Most of the Patient Satisfaction reports I see are strong. With every team, however, there is room for improvement! It is important as a leader to be able to lead your team to success. Having a good handle on your team members’ strengths and weaknesses through the Patient Satisfaction Category Report is a powerful tool we can put in your back pocket. Let’s look at how knowing strengths and weaknesses can make life better.

Evaluate Your Team – Strengths and Weaknesses

My boyfriend Jim, me, and my best friend Doug all recently became scuba certified and followed Doug to Honduras on a mission to swim with whale sharks.


We planned to do most of our diving together. If you were to evaluate us as a team, I feel like we’d get passing marks (i.e. we’ll survive), but just barely.
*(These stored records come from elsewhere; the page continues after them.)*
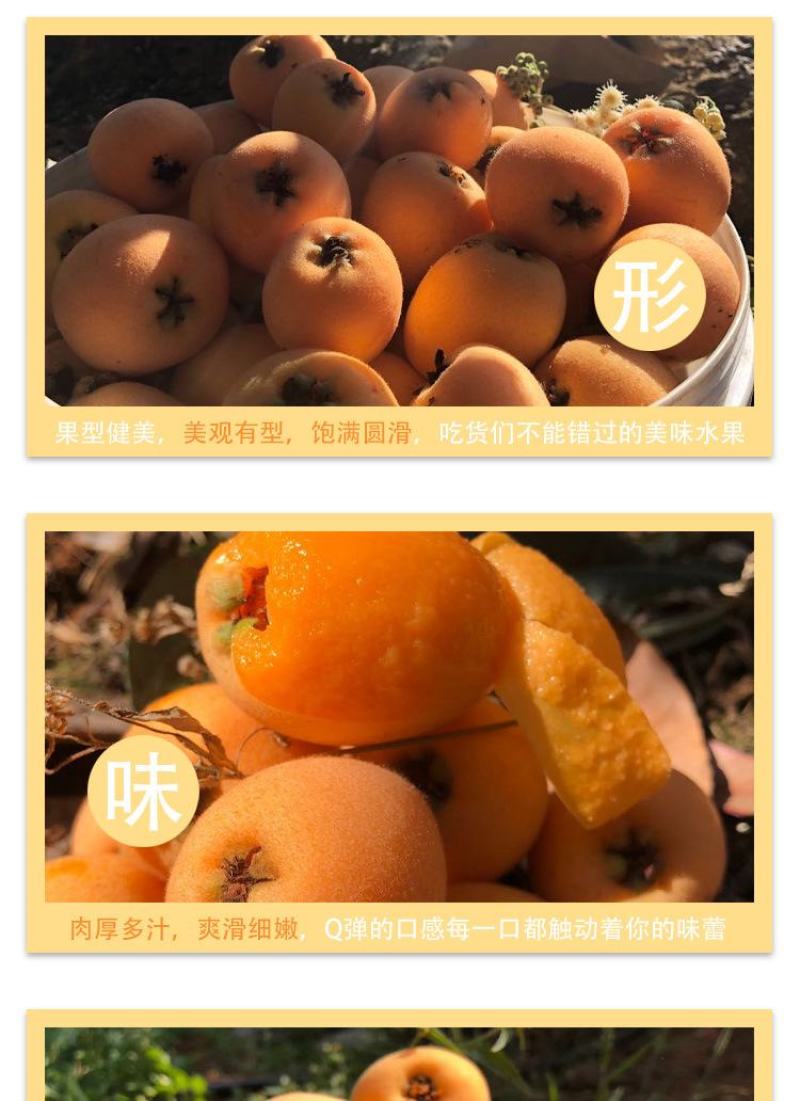 顺丰包邮【四川攀枝花米易枇杷】电商平台一件代发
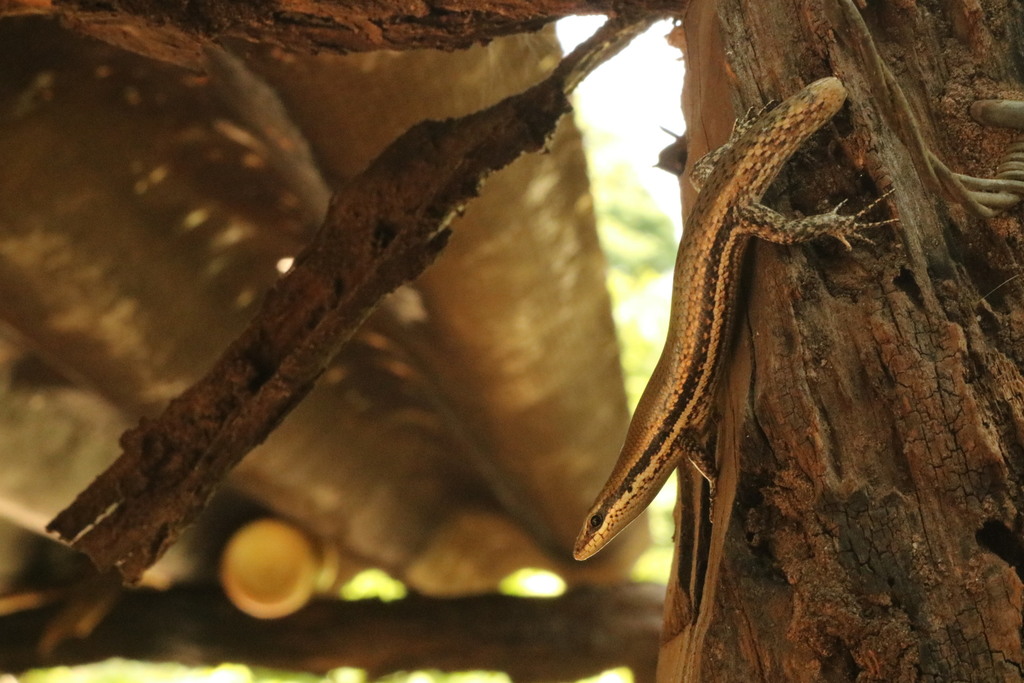 Maracaibo Skink (Maracaiba zuliae)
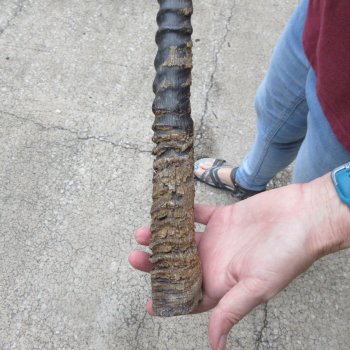 38" Gemsbok Horn (NO POST OFFICE (USPS) SHIPPING!!) 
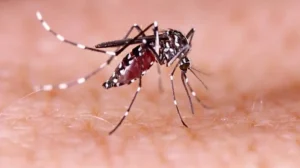 pakistan-issues-dengue-alert-ahead-of-monsoon-season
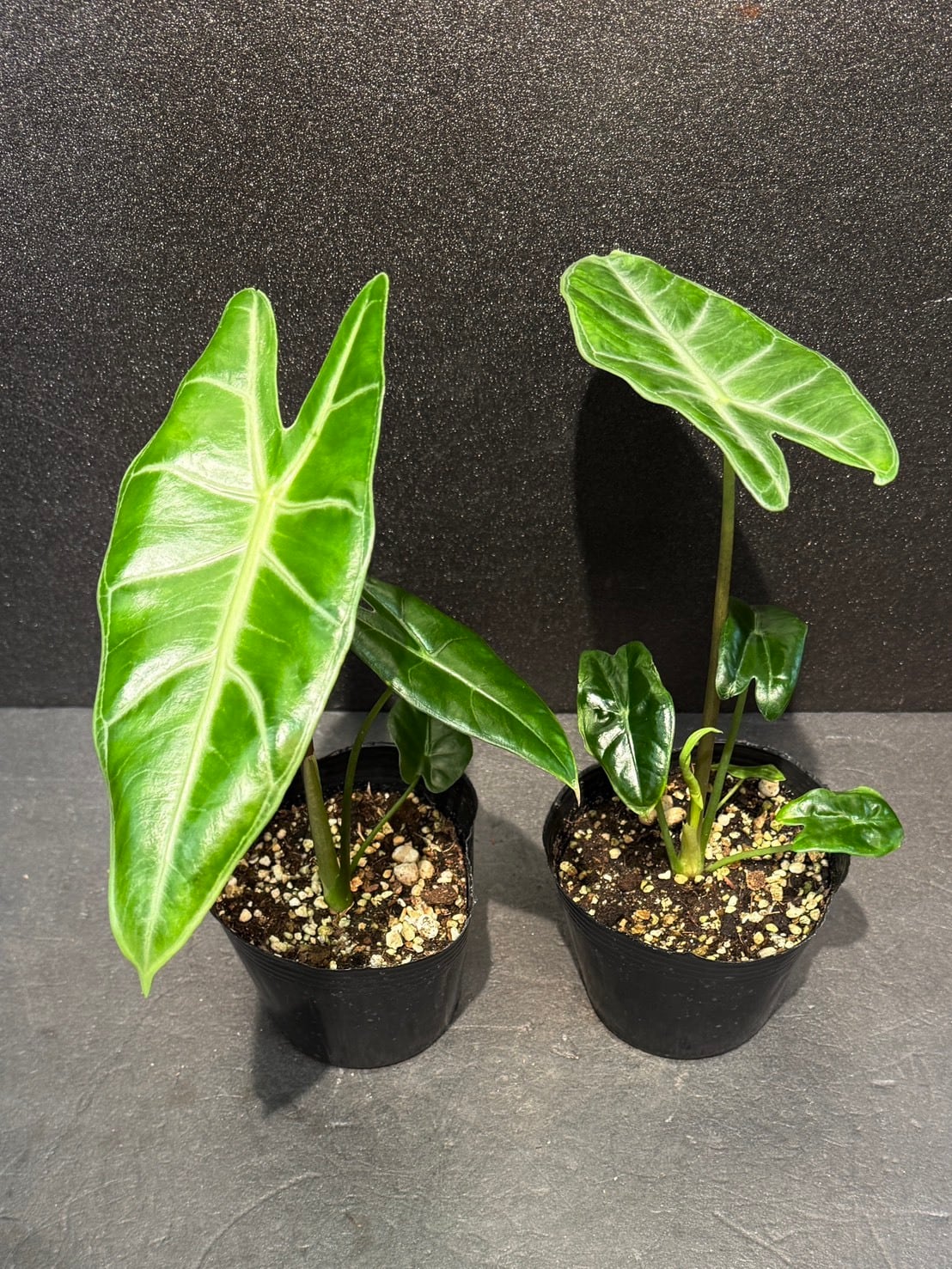 アロカシア・ロンギロバ 4号 | 観葉植物と雑貨のお店 VIVAGREEN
The trick with a team is to not just look at the end result, but to understand each member’s strengths and weaknesses.

Our collective strength was that we could follow basic instructions and we put together enough money to make the trip. When it came to weaknesses, we ran the gamut.

Doug the Breather

Doug is not really what you’d call “a natural” in the water. He is one of the bravest people I know – and a bit of an adrenaline junkie. I swear he decided to scuba dive only because it scares the living daylights out of him. By the time we hit the bottom of our first deep dive, he was halfway through his air. It took him half of that air to communicate it to the dive master and his trainee. He got a quick view of the wreck we were diving and then sucked the dive master trainee’s air on the way to the surface.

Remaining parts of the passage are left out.